ブドウ栽培の北限に近く、比較的酸がしっかりと残るワインが特徴的。栽培地はペイ・ナンテ地区、アンジュ・ソーミュール地区、トゥーレーヌ地区、サントル・ニヴェルネ地区の4エリアに区分され、ソーヴィニョン・ブランに代表される白ワインの生産量は国内1位を誇る。ヴァン・ナチュールの一大産地でもあり、1980年代からビオディナミ(ルドルフ・シュタイナーが提唱した自然な農法)を採り入れたニコラ・ジョリーやマルク・アンジェリ、ドメーヌ・ユエ、世界から崇敬を集めるクロード・クルトワなど、フランスにおける初期の自然派ワインムーブメントを牽引した生産者が多く揃う。
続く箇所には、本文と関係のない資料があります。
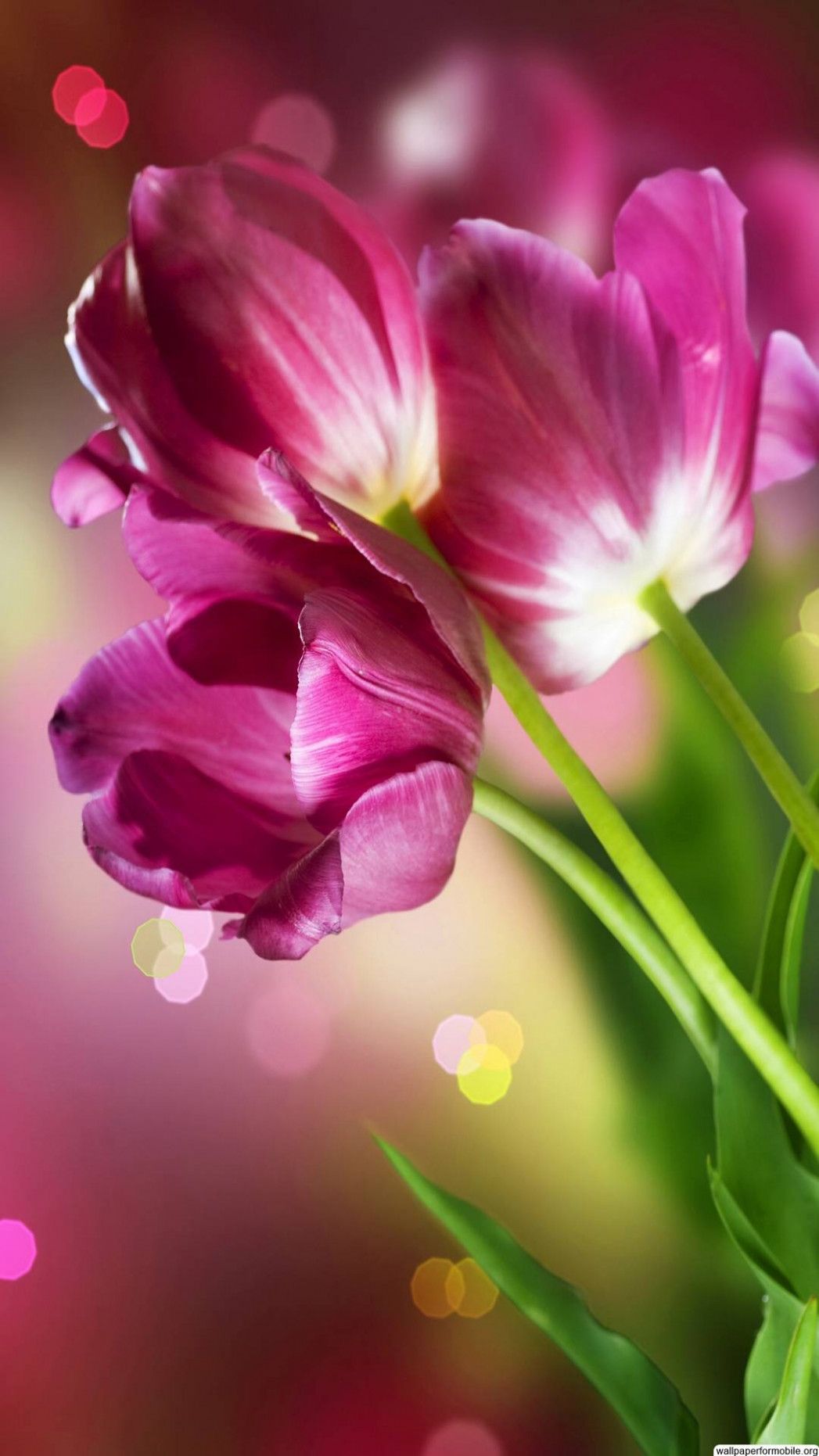 Imágenes de hermosas flores Fondos de pantalla - (68+) Fondos de grupo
彼らのフィロソフィーに共感する若手の参入も多く、自然を尊重しながらブドウの個性を引き出すワイン造りは脈々と受け継がれている。


\ Pick-up Winemaker /

Claude Courtois(クロード・クルトワ)


ジュール・ショーヴェ、ピエール・オヴェルノワにつづく純正自然派ワインの始祖と呼ばれるクロード・クルトワ。代表作のラシーヌ・ルージュは、その口当たりの柔らかさと神妙なテクスチャーから魔性のワインと評される。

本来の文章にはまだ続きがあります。